Поймав мою горькую улыбку, Борщаговский спросил:
— Друзья Маркиша приходят к вам?
— Нет…
— Но деньгами они вам помогают? Если боятся это делать открыто, можно ведь посылать по почте под чужим именем?
— Нет…
— А как же X? — Борщаговский назвал имя
— Нет…
К концу 52-го кольцо вокруг нас стало понемногу смыкаться. В ночь под «праздник» 5-го декабря — День советской конституции — арестовали трех жен еврейских деятелей: жену писателя Нохума Левина, жену писателя Персова, жену бывшего директора ГОСЕТа Рабинса. Зная любовь властей к «предпраздничным» арестам, я с вечера ушла в гости к одной из подруг моего детства и просидела у нее почти до рассвета.
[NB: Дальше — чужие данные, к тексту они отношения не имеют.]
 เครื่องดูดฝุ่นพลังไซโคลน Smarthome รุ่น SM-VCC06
Возвращаясь домой, я увидела в нашем освещенном окне силуэт моей мамы — она ждала меня. Неправильно поняв мамин жест рукой, я подумала, что за мной пришли, и бросилась бежать куда глаза глядят — гонимая животным страхом, не отдавая себе отчета в бессмысленности такого бегства. Несколькими часами спустя я вернулась домой — за мной еще не приходили.
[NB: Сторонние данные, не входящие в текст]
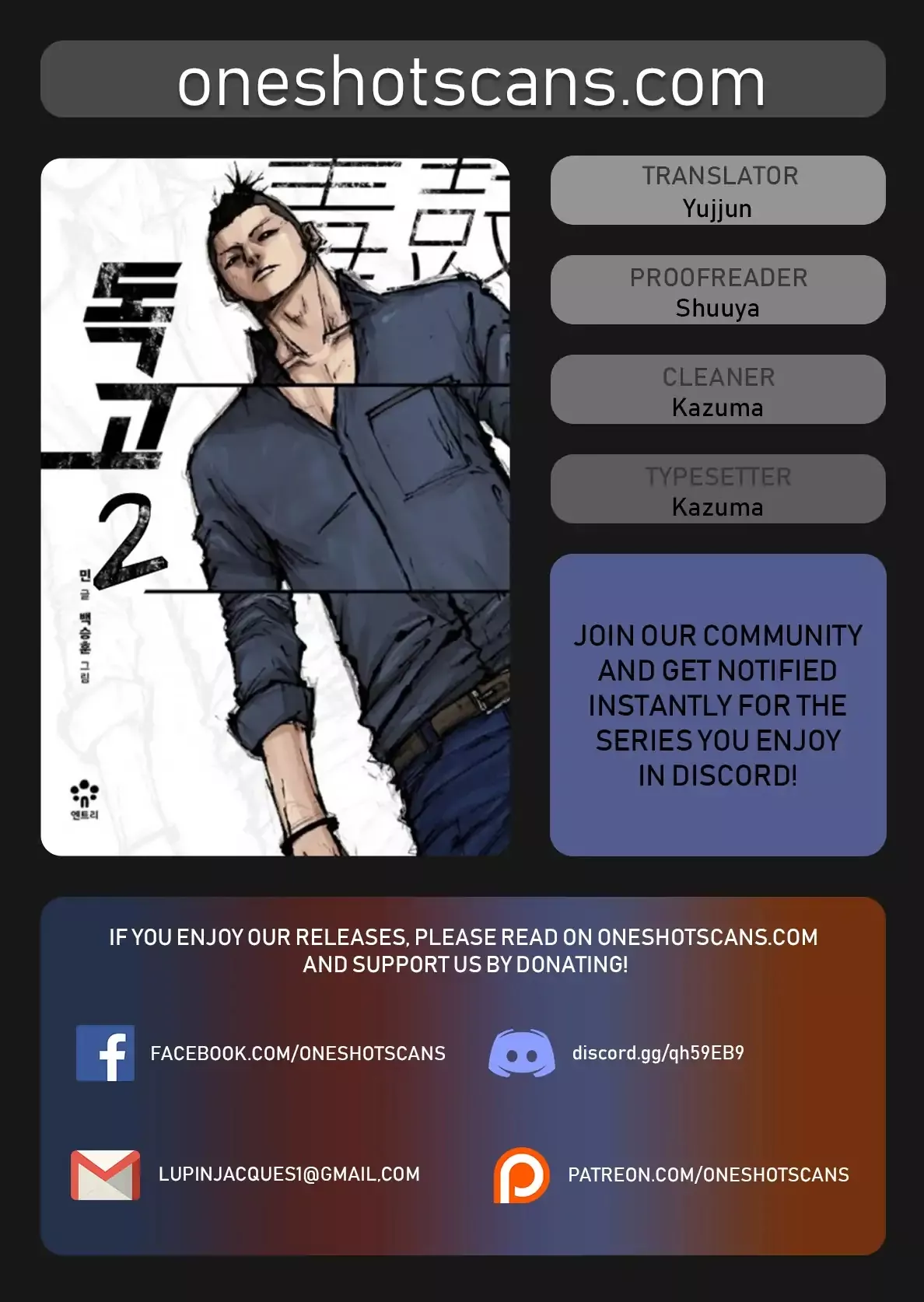 Read Dokgo 2 Chapter 89 Online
В связи с разгоном Антифашистского еврейского комитета жена одного только Фефера была арестована вскоре после ареста мужа. Чем руководствовалось МГБ в данном случае, сказать трудно. Судьба Фефера, однако, весьма показательна. В 51-м году дочери Фефера — она оставалась на свободе и была сослана позднее, вместе с нами — велено было принести передачу для отца: костюм в полоску, галстук в клетку, кое-какие деликатесы. Мы, жены арестованных, все бурно обсуждали эту новость, считая, что дело наших, может быть, пошло к лучшему. Фефер, во всяком случае, был жив — потому что только он сам мог назвать конкретный костюм, определенный галстук, «еврейскую колбасу», которую он любил, находясь на свободе.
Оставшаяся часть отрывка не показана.